Image-caption web data
---
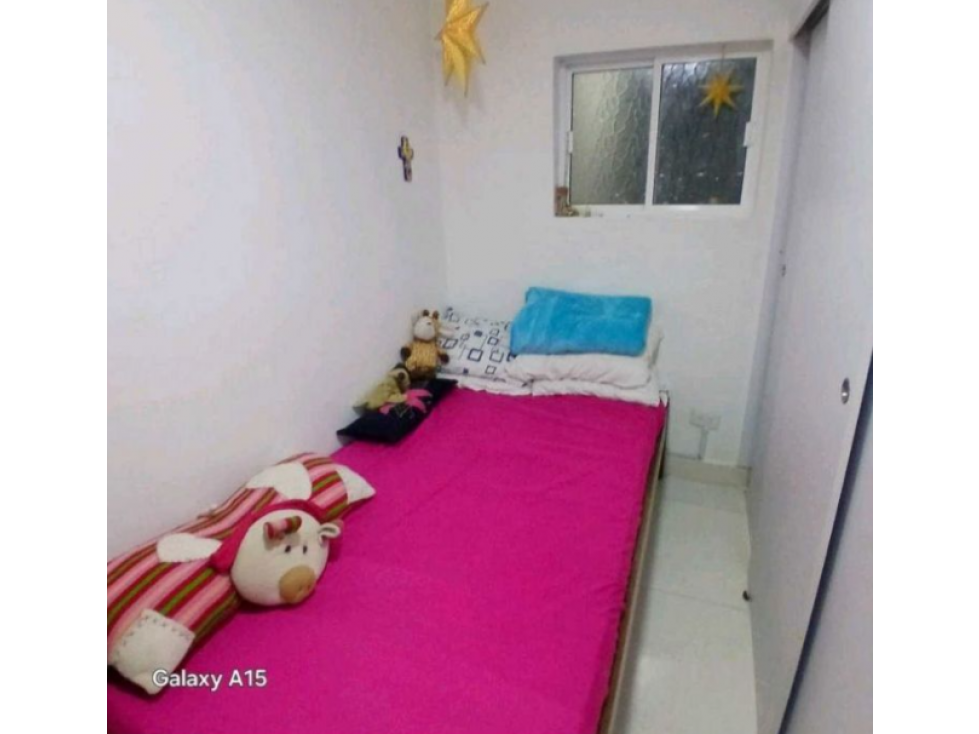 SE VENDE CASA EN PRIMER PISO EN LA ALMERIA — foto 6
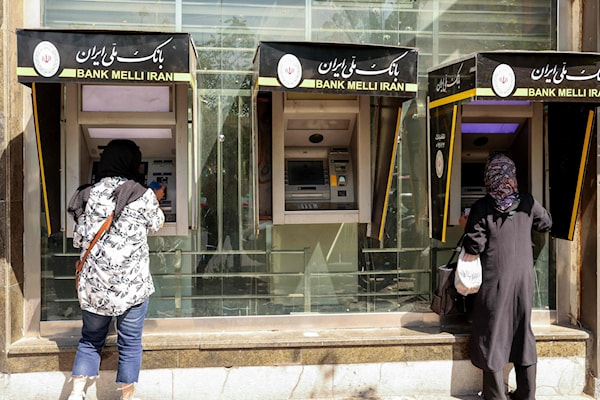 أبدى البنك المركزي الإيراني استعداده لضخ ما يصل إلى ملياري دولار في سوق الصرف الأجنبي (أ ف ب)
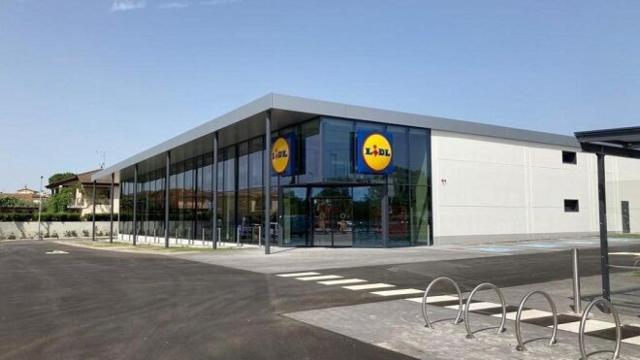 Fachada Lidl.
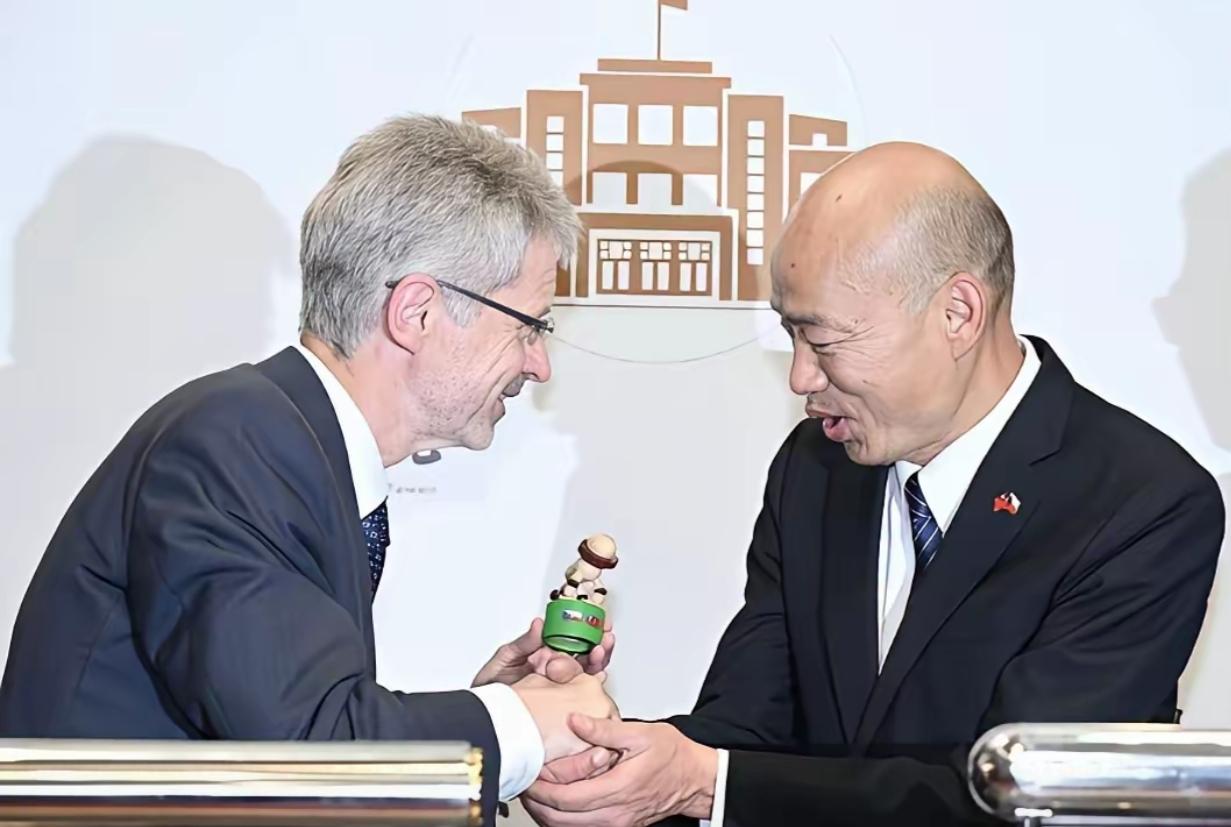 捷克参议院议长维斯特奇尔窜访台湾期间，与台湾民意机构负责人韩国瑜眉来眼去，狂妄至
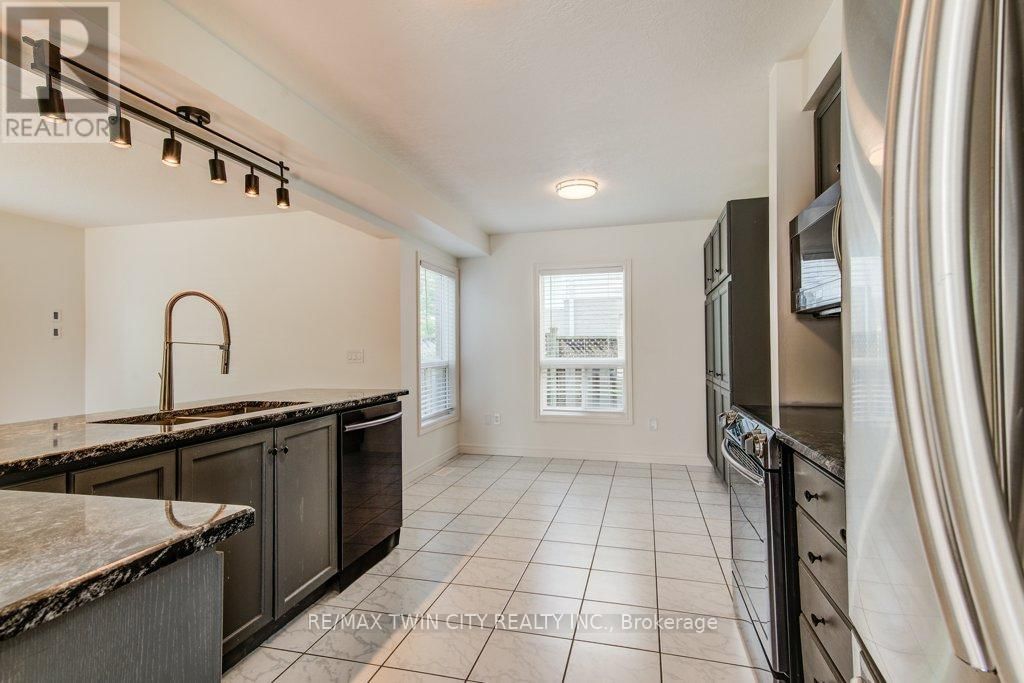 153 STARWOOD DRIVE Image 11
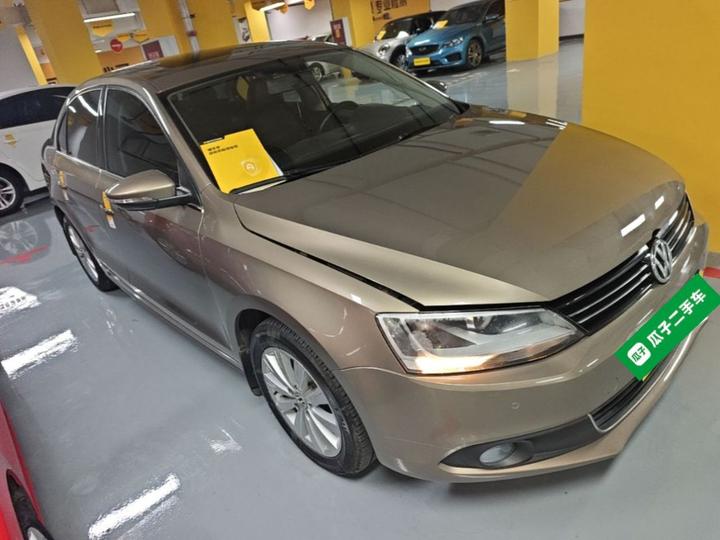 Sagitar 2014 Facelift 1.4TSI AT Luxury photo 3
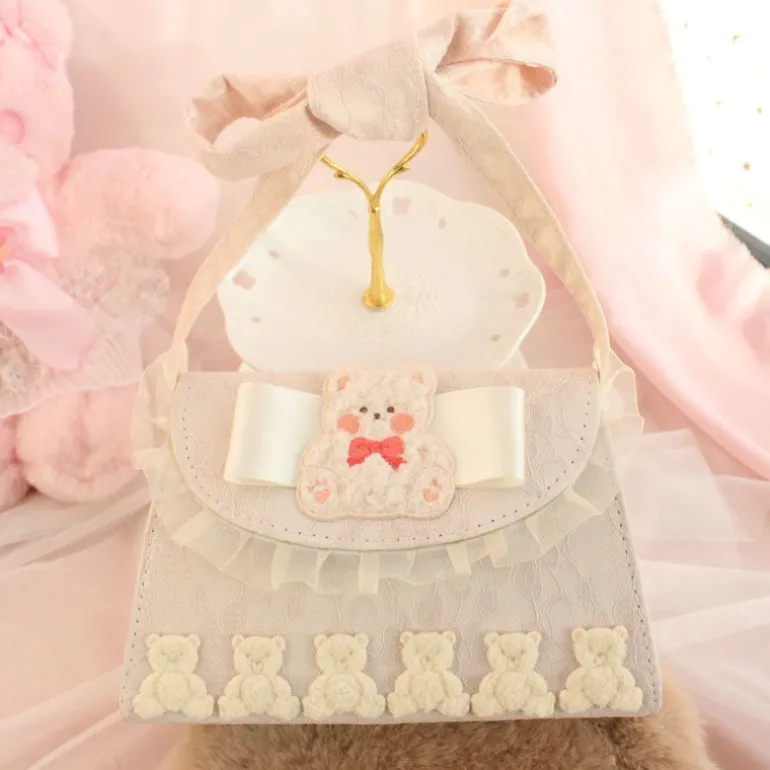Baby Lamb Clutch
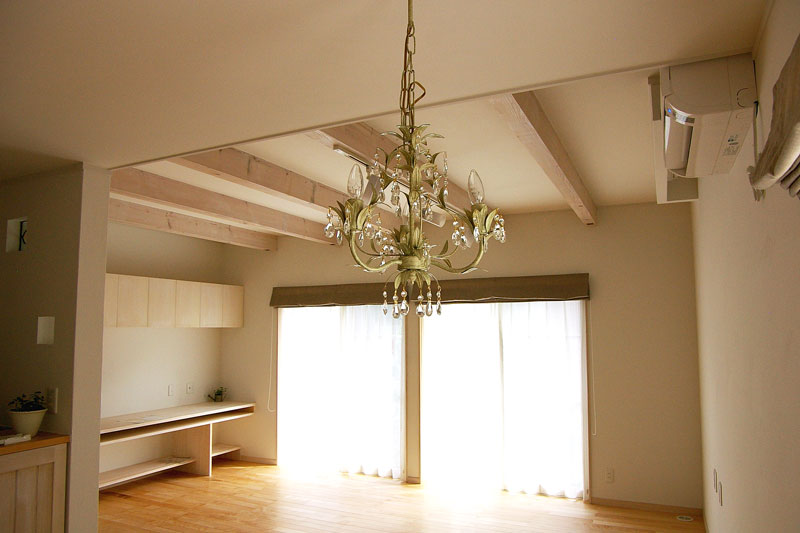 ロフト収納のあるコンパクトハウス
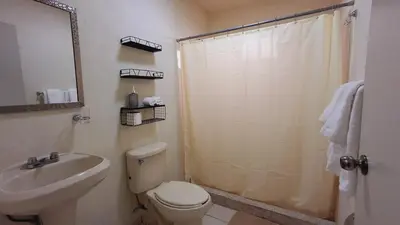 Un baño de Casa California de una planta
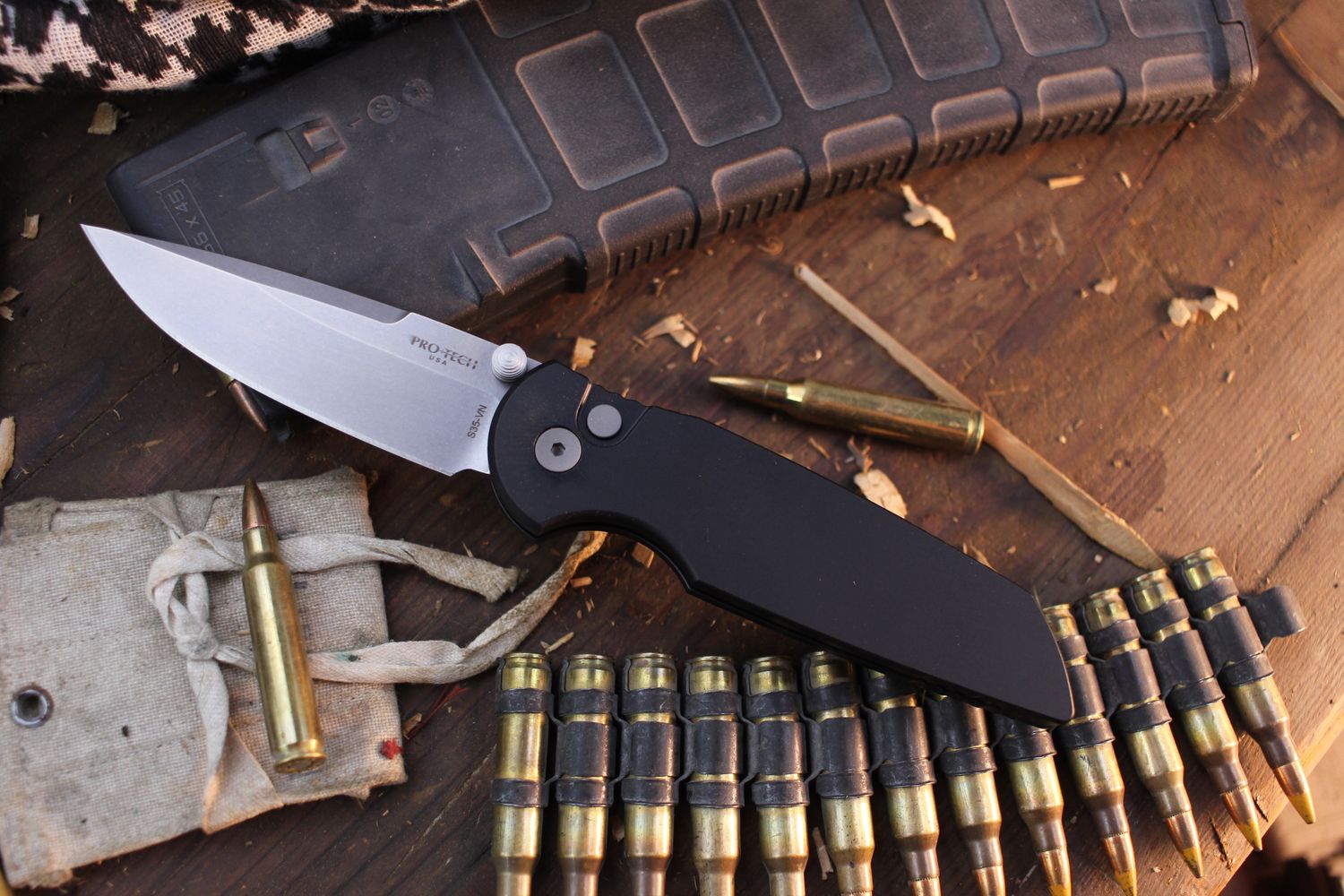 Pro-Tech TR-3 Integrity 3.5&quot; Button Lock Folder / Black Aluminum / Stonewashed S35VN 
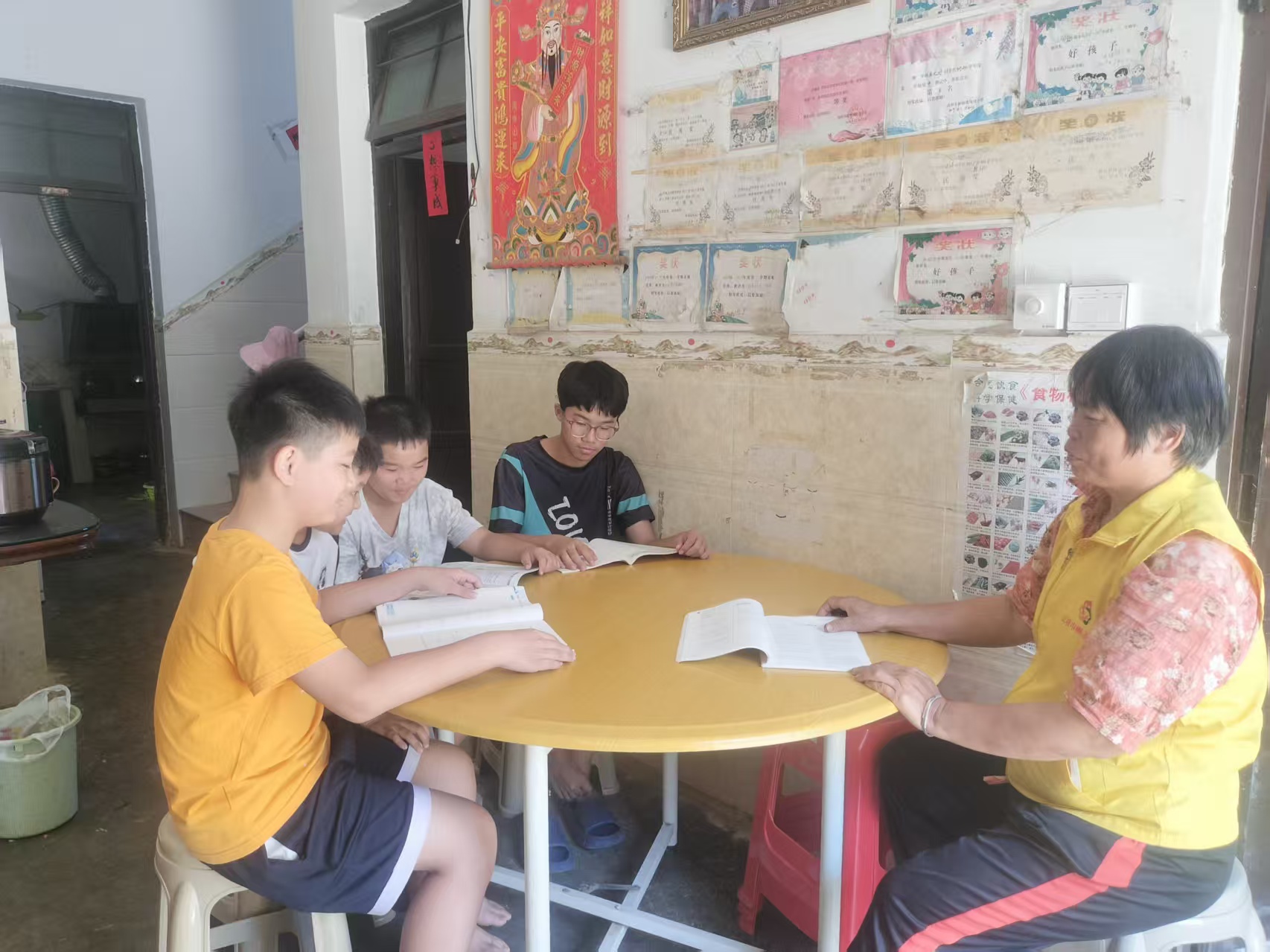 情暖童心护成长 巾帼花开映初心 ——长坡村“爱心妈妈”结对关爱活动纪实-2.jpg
---
In your copy, include no pictures; print every line above exactly.

Written solution
 SE VENDE CASA EN PRIMER PISO EN LA ALMERIA — foto 6
 أبدى البنك المركزي الإيراني استعداده لضخ ما يصل إلى ملياري دولار في سوق الصرف الأجنبي (أ ف ب)
 Fachada Lidl.
 捷克参议院议长维斯特奇尔窜访台湾期间，与台湾民意机构负责人韩国瑜眉来眼去，狂妄至
 153 STARWOOD DRIVE Image 11
 Sagitar 2014 Facelift 1.4TSI AT Luxury photo 3
Baby Lamb Clutch
 ロフト収納のあるコンパクトハウス
 Un baño de Casa California de una planta
 Pro-Tech TR-3 Integrity 3.5&quot; Button Lock Folder / Black Aluminum / Stonewashed S35VN 
 情暖童心护成长 巾帼花开映初心 ——长坡村“爱心妈妈”结对关爱活动纪实-2.jpg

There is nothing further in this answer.